Однажды, когда чей-то грязный палец протыкал в дырку записку, Петька весь вытянулся, оттопырил свои губы и прошептал грязному пальцу:
— Дай карандаш!
На другой день через ту же дырку в двери к Петьке в камеру впрыгнул карандашик.
Петька взял одну из скопившихся у него записочек и написал на ней карандашом: «товарищ».
Просидев шесть месяцев, Петька был переведен в общую камеру.
— Так это ты и есть Петька? — подошел к нему молодой парень, рыжий и веселый, как солнце.
И все были в этой камере такие веселые, смелые и бойкие, будто сидели в гостях или на свадьбе. Смеялись и спорили. Таскали Петьку по камере из конца в конец. Спрашивали про свинью и учили, как следует читать и писать.

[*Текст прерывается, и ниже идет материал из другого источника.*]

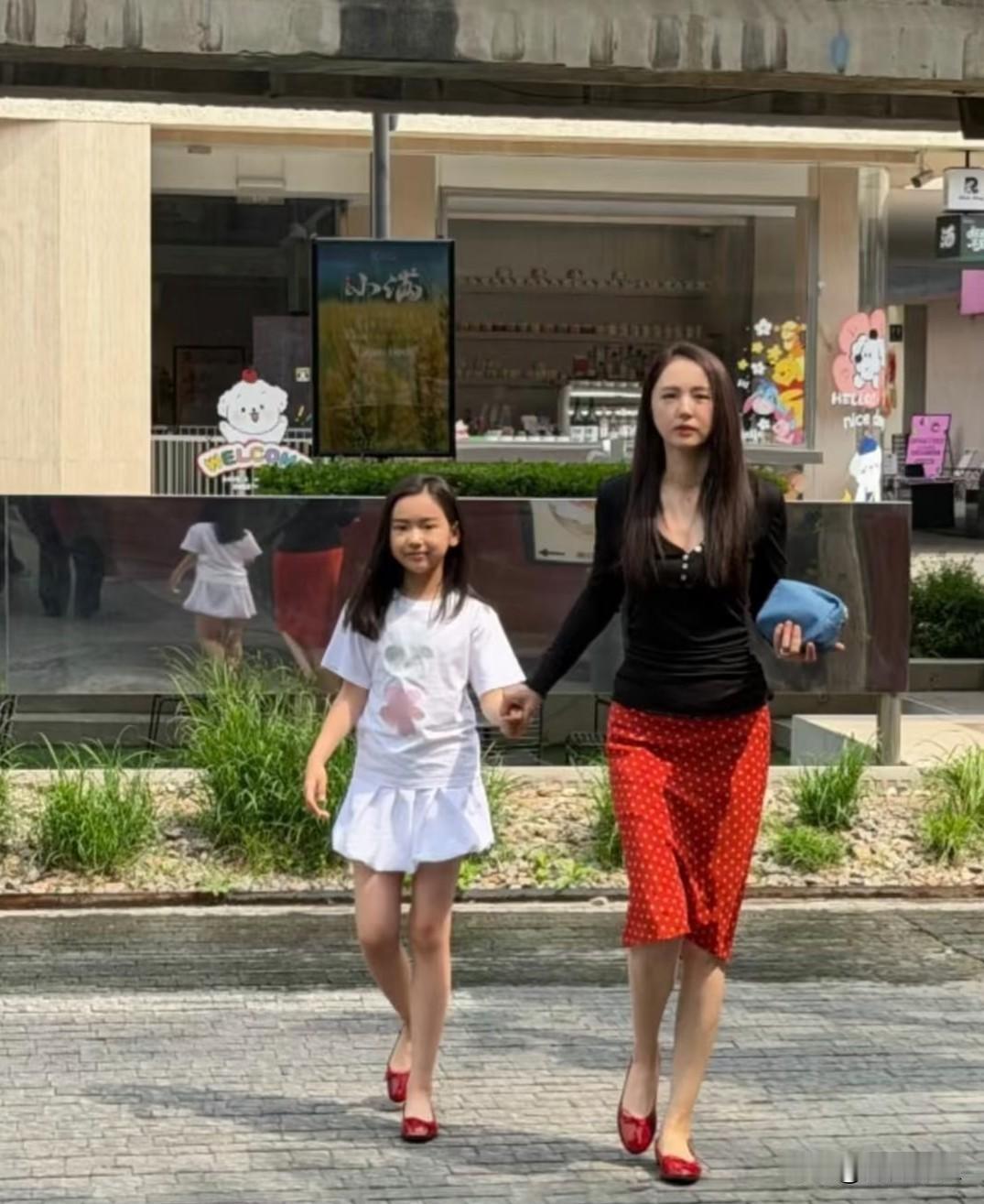 董璇和女儿外出被偶遇！一身黑色修身上衣搭配红色波点半裙，红色高跟鞋亮眼复古，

Тут и Петька немного осмелел и приосанился. Не вытерпел и спросил однажды своего рыжего приятеля:
— А вы что за народ, чьи?
— Мы-то? Мы, брат, ничьи. Мы — пролетарии. Понимаешь? Большевики; не слыхал про нас? Мы хотим, чтоб у твоего тятьки было земли в достатке, чтобы тебя никто не бил, чтобы не было войны и чтобы «за свинью», вот вроде как ты, люди не сидели бы в тюрьме…

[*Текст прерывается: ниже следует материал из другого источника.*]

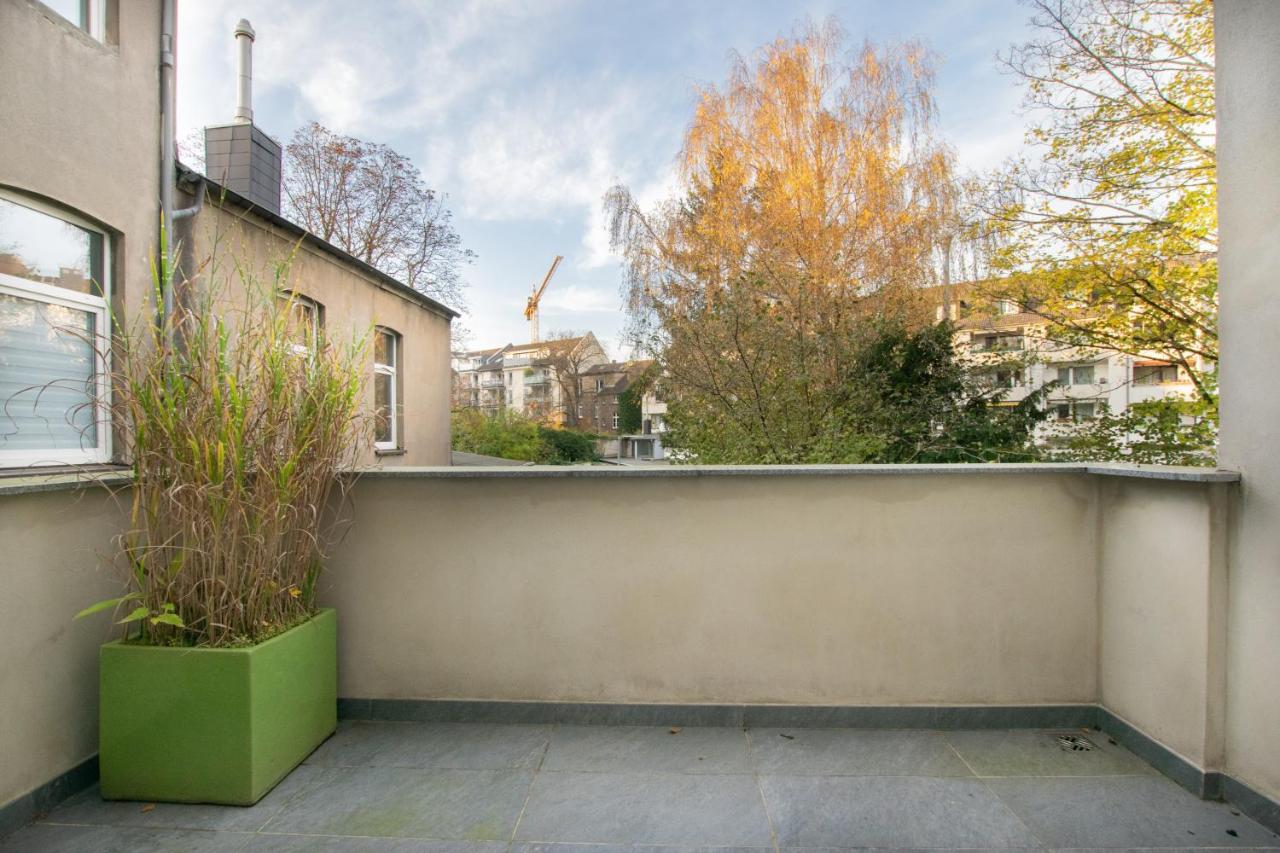 Tolstov Apartments - 1 or 3 Room Apartments - 20 Min Messe DUS and Old Town DUS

— И чтобы по уху не били, — вставил Петька.
— Ну да, вот, вот! А тебе, видно, по уху попало?!
— Да.
— От польских офицеров?
— Ну да.
— Ладно, погодь немного. Их скоро того!
И стал Петька прислушиваться к непонятным разговорам: о Советской власти, о Москве, о большевиках. Однажды Петька спросил рыжего:
— А «товарищ» — это значит большевик?
— Ну, а как же, обязательно. Все большевики — товарищи.

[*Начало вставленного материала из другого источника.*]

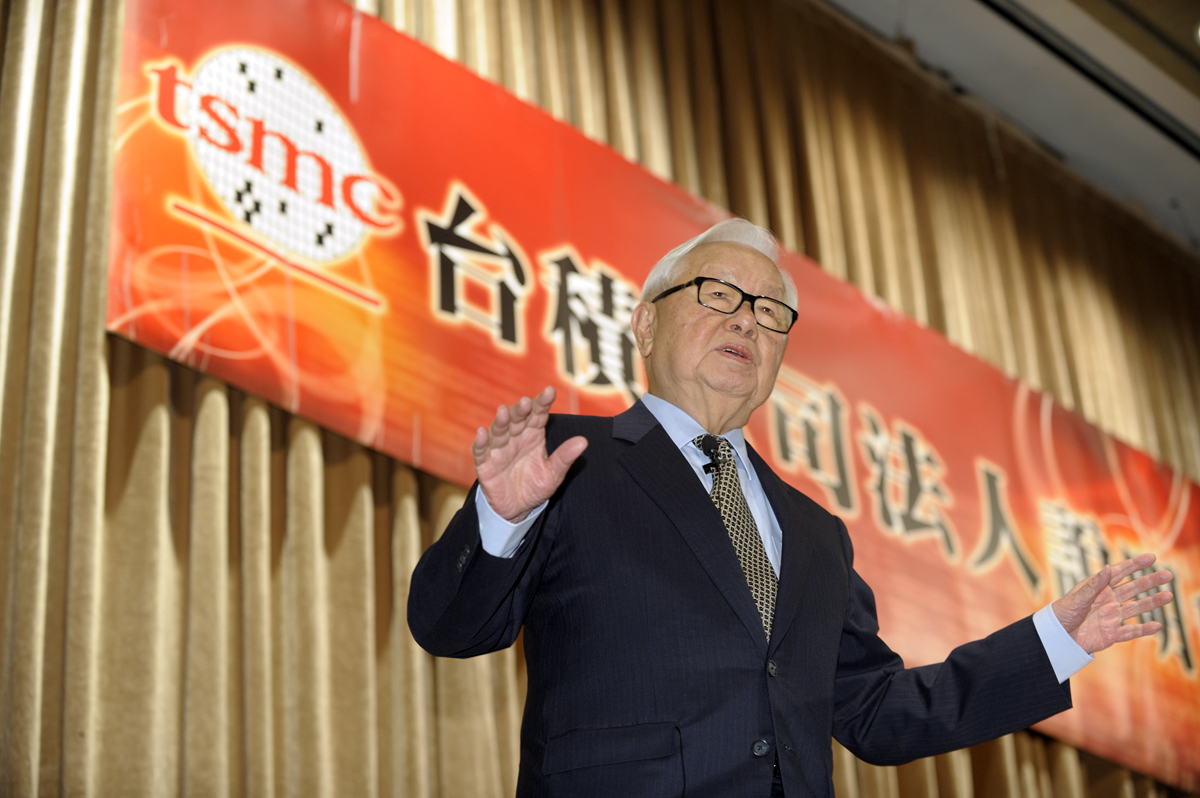 台積電受惠iPhone X熱賣，第4季營收將比第3季增加一成。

— У меня был товарищ — Ванько, я с ним в бабки играл. Стало быть, он тоже большевик?
— Не знаю. А только для большевика «товарищ» — священное слово! Этого слова буржуй не выносит. Буржуи — это те, что тебя по уху!.. Помнишь? Вот они ненавидят это слово.
— Ишь ты! Ну так я большевик, потому я — подставь ухо, я те шепотком скажу — когда я сидел там один, то после твоей записки всю стенку «товарищем» исписал.
— Вот это так! Стало быть, ты нам товарищ, большевик!
Прошел еще месяц, и всю эту партию большевиков направили в Россию в обмен на пленных польских буржуа.
За это время Петька основательно выучился грамоте, успел даже написать письмо тятьке и мамке. Впрочем, это письмо он не посылал, а все время держал у себя за пазухой.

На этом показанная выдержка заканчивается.